Jobs, quota, and setup alerts

You may want to check the jobs teammate submitted to ensure they are reasonably leveraging your resources. This article covers how you check jobs, how the quota system works, and how we can set up alerts to let the system monitor for you.

Check running, queuing, and completed jobs

Job owners can inspect their jobs through the top-right corner dropdown. On the other hand, an account owner can review every member's jobs on the account page. So, click the account name you want to check from the Accounts page. Then, in the overview sub-page, you will see links to inspect jobs. Finally, click either running or completed jobs to open the jobs window.

In the running tab, you see jobs currently running under the selected account, their requester, the partition, the duration, and the per-job real-time CPU or memory utilization. You may cancel any job by clicking the cancel button.

In the queuing tab, you see jobs currently waiting inside queues, the partition they are in, and the requested CPU or memory. You may cancel or change its priority.

In the completed tab, there are jobs already completed or failed. Click the job ID to view the detailed charge and utilization status.

If you want to sort them by CPU or memory utilization, you may click the gear button at the top-right corner to toggle the columns of the table.

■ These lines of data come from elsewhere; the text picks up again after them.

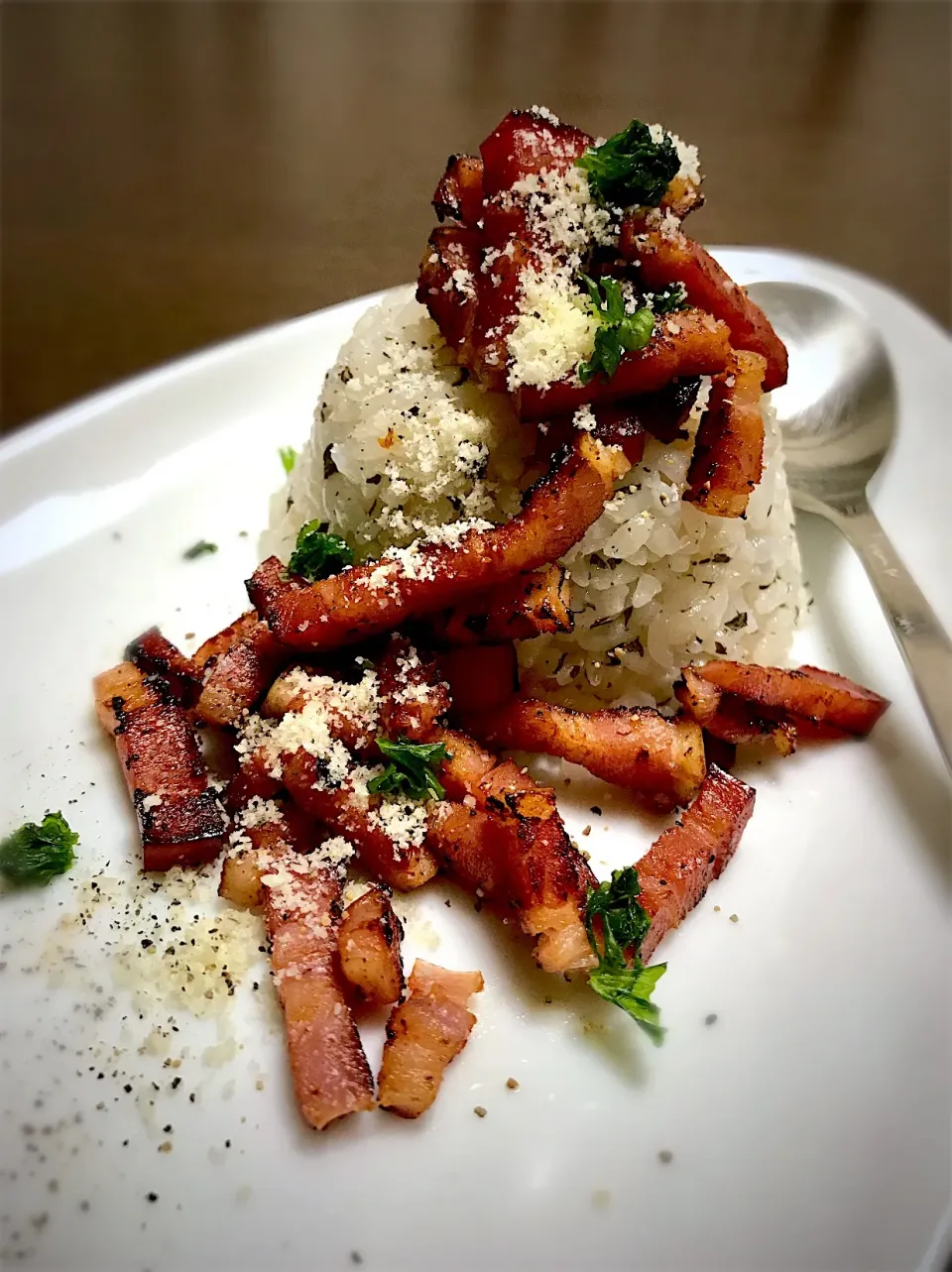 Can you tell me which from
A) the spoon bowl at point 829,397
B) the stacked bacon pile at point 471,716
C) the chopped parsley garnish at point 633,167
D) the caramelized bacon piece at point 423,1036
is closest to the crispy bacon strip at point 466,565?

Setup alerts about utilization

To spot under-utilized jobs, we may inspect jobs on the portal in real time. But the system also provided a way to monitor it automatically. Switch to the settings tab on the account page, and you will see a job efficiency monitor section.

job-eff-monitor.png

By default, the system notifies the owner if their job is using below 50% of either CPU or memory. The system will not count the first 10 minutes because we assume the application is warming up. You may play around with the settings for your need.

How quota works

OAsis uses our quota system, which is different from a typical SLURM setting. It allows six meters setting instead of a combined total number.

  • CPU Oneasia
  • GPU Oneasia
  • CPU Shared
  • GPU Shared
  • CPU Dedicated
  • GPU Dedicated

As their names tell, they are referring to CPU and GPU usage over 3 node pools. The unit of CPU usage is the number of hours spent on one AMD EPYC 7713 core. On the other hand, the number of hours spent on one NVIDIA A100 GPU card.

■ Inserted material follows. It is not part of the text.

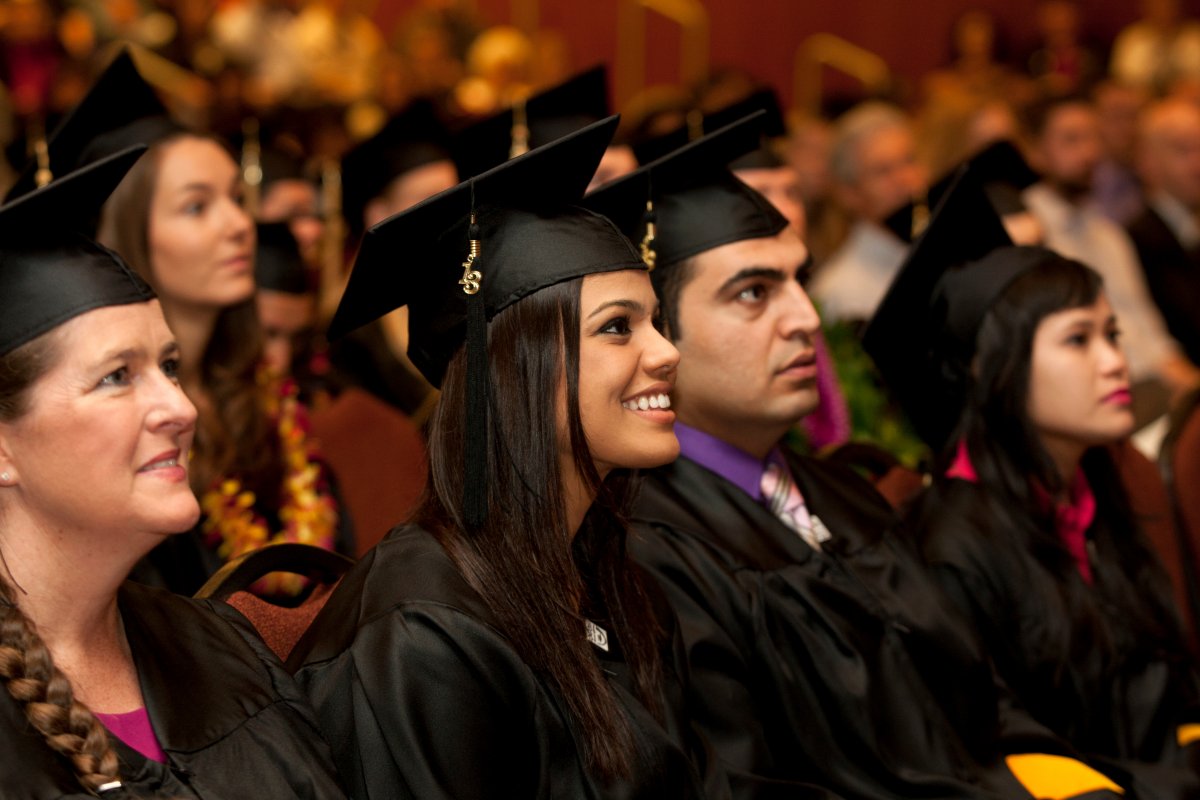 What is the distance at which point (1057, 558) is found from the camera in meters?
3.46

Quota is applied on the account (group) level and considers not just your account quota but every upper-level account. For example, an institute may have 1,000 units of "GPU Oneasia" evenly distributed to 4 departments. And the departments can assign them to each project group. The system only accepts jobs when all levels (institute, department, project group) have enough quota.

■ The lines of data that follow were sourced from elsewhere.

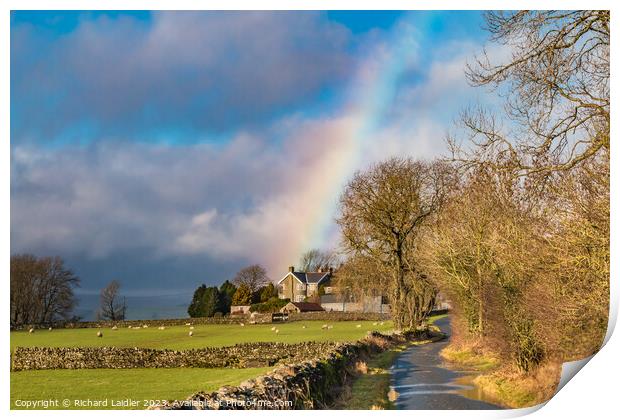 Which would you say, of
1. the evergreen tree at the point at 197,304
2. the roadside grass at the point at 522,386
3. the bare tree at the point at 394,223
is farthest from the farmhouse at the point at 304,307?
the roadside grass at the point at 522,386

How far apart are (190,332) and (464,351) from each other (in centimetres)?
1277

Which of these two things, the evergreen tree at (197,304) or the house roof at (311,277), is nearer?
the evergreen tree at (197,304)

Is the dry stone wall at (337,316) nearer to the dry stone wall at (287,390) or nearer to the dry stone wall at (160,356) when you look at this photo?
the dry stone wall at (160,356)

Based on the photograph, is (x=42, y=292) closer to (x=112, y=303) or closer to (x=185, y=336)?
(x=112, y=303)

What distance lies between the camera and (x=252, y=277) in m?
24.0

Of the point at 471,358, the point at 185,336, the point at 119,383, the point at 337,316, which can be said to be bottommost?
the point at 119,383

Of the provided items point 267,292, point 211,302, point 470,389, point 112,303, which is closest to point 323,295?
point 267,292

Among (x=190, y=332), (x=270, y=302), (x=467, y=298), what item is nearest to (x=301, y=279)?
(x=270, y=302)

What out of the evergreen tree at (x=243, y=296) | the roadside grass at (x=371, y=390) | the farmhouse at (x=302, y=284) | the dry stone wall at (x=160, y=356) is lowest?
the roadside grass at (x=371, y=390)

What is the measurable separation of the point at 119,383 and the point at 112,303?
6612mm

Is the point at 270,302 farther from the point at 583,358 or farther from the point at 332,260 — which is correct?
the point at 583,358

The system supports a custom reset period per account. You may choose from weekly, monthly, quarterly, and yearly.

Check current usage and my quota

You may check them through the web portal on the accounts page.

view-quota.png

You may also check them through the CLI client as the following:

$ hc quotas
# Account   | CPU/Mem Oneasia   | CPU/Mem Shared    | GPU Shared        | CPU/Mem Dedicated | GPU Oneasia       | GPU Dedicated
# appcara   | 0.2 / 800         | 0.0               | 0.0               | 0.0               | 0.0 / 100         | 0.0

# of if you prefer a JSON format
$ hc quotas -o json
# [
#  {
#    "account_id": "appcara",
#    "quota": {
#      "oneasia_csu": 800.0,
#      "oneasia_gsu": 100.0
#    },
#    "usage": {
#      "dedicated_csu": 0.0,
#      "dedicated_gsu": 0.0,
#      "oneasia_gsu": 0.047666665,
#      "shared_csu": 0.0,
#      "shared_gsu": 0.0,
#      "oneasia_csu": 0.16666667
#    }
#  }
# ]

Set quota and auto alerts

If your upper-level account empowered you to modify quotas, you could do this on the account settings page.

quota-settings.png

You may change the "Behavior when quota exceeded" from "Notify Only" to "Auto kill jobs" if you want a hard quota limit.